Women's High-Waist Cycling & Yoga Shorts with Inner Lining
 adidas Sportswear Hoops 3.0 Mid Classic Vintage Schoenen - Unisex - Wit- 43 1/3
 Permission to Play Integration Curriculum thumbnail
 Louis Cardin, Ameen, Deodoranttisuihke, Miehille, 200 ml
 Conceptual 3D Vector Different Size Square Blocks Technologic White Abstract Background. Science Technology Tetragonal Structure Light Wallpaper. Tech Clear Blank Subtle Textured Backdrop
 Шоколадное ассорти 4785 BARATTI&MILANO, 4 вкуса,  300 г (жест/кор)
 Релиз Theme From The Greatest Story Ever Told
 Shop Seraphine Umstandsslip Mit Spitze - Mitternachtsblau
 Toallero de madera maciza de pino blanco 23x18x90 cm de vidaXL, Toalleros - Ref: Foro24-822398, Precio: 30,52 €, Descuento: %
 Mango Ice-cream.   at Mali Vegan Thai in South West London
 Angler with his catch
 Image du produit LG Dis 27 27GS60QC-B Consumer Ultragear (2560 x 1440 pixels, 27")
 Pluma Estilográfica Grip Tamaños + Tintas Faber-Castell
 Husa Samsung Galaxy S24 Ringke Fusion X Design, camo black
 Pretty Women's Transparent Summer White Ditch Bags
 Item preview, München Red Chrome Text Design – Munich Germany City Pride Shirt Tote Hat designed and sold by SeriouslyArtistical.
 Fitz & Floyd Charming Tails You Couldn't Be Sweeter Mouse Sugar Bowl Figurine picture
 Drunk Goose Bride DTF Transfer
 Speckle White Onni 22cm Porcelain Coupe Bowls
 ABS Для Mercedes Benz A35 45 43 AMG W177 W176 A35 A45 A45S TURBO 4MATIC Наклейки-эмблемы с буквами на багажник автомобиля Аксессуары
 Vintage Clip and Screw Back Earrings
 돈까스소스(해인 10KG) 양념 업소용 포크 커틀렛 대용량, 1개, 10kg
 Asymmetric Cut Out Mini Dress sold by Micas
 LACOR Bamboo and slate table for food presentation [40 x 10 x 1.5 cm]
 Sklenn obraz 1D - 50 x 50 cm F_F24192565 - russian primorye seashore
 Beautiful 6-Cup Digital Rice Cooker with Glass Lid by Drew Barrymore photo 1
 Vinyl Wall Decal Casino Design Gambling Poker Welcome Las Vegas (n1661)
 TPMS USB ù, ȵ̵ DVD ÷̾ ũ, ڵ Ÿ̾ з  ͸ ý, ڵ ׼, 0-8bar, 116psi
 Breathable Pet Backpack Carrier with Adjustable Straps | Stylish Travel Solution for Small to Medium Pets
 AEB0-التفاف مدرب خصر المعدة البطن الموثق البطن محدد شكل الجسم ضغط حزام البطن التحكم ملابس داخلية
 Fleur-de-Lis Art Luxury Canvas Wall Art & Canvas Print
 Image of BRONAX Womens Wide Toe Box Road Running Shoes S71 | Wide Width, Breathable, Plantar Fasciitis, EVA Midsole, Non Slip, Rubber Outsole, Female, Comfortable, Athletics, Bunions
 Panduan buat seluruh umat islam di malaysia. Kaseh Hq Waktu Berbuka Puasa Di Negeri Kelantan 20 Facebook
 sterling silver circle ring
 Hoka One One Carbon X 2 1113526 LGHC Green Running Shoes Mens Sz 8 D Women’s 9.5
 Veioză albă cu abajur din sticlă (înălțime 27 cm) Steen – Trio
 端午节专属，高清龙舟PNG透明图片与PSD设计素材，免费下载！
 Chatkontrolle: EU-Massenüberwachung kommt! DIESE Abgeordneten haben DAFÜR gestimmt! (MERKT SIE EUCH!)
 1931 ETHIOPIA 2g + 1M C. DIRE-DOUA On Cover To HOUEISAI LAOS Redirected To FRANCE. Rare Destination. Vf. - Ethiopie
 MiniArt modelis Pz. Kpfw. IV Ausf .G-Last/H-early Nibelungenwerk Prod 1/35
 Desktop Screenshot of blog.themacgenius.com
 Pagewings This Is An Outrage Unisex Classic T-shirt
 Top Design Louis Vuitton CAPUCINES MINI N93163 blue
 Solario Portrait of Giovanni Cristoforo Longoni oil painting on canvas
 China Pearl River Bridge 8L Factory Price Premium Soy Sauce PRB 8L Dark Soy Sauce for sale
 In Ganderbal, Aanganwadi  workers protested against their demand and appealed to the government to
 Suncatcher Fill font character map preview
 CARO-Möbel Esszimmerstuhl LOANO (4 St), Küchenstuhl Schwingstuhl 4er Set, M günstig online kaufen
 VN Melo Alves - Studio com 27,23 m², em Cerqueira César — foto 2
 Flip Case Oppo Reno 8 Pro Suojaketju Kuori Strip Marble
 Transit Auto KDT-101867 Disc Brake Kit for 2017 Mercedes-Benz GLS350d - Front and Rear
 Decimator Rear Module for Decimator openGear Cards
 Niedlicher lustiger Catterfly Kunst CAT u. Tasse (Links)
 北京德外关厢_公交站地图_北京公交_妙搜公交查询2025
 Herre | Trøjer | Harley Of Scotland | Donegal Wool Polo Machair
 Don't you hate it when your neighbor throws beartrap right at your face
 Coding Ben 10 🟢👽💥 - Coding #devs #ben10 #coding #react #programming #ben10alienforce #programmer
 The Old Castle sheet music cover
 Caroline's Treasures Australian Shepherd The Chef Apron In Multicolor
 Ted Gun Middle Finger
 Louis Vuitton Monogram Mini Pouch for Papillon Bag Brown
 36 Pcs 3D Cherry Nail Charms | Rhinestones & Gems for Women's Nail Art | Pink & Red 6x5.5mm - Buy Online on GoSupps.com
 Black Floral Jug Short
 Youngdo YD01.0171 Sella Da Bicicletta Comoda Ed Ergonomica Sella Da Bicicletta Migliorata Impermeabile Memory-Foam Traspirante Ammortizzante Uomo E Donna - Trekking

++++++++++

* [ACTIVITY]:
After locating the line holding "Шоколадное ассорти 4785" above, output exactly that line and every line after it through the line holding "돈까스소스(해인 10KG) 양념 업소용 포크 커틀렛 대용량, 1개, 10kg". Include nothing else.

* [THE COMPLETED TASK]:
 Шоколадное ассорти 4785 BARATTI&MILANO, 4 вкуса,  300 г (жест/кор)
 Релиз Theme From The Greatest Story Ever Told
 Shop Seraphine Umstandsslip Mit Spitze - Mitternachtsblau
 Toallero de madera maciza de pino blanco 23x18x90 cm de vidaXL, Toalleros - Ref: Foro24-822398, Precio: 30,52 €, Descuento: %
 Mango Ice-cream.   at Mali Vegan Thai in South West London
 Angler with his catch
 Image du produit LG Dis 27 27GS60QC-B Consumer Ultragear (2560 x 1440 pixels, 27")
 Pluma Estilográfica Grip Tamaños + Tintas Faber-Castell
 Husa Samsung Galaxy S24 Ringke Fusion X Design, camo black
 Pretty Women's Transparent Summer White Ditch Bags
 Item preview, München Red Chrome Text Design – Munich Germany City Pride Shirt Tote Hat designed and sold by SeriouslyArtistical.
 Fitz & Floyd Charming Tails You Couldn't Be Sweeter Mouse Sugar Bowl Figurine picture
 Drunk Goose Bride DTF Transfer
 Speckle White Onni 22cm Porcelain Coupe Bowls
 ABS Для Mercedes Benz A35 45 43 AMG W177 W176 A35 A45 A45S TURBO 4MATIC Наклейки-эмблемы с буквами на багажник автомобиля Аксессуары
 Vintage Clip and Screw Back Earrings
 돈까스소스(해인 10KG) 양념 업소용 포크 커틀렛 대용량, 1개, 10kg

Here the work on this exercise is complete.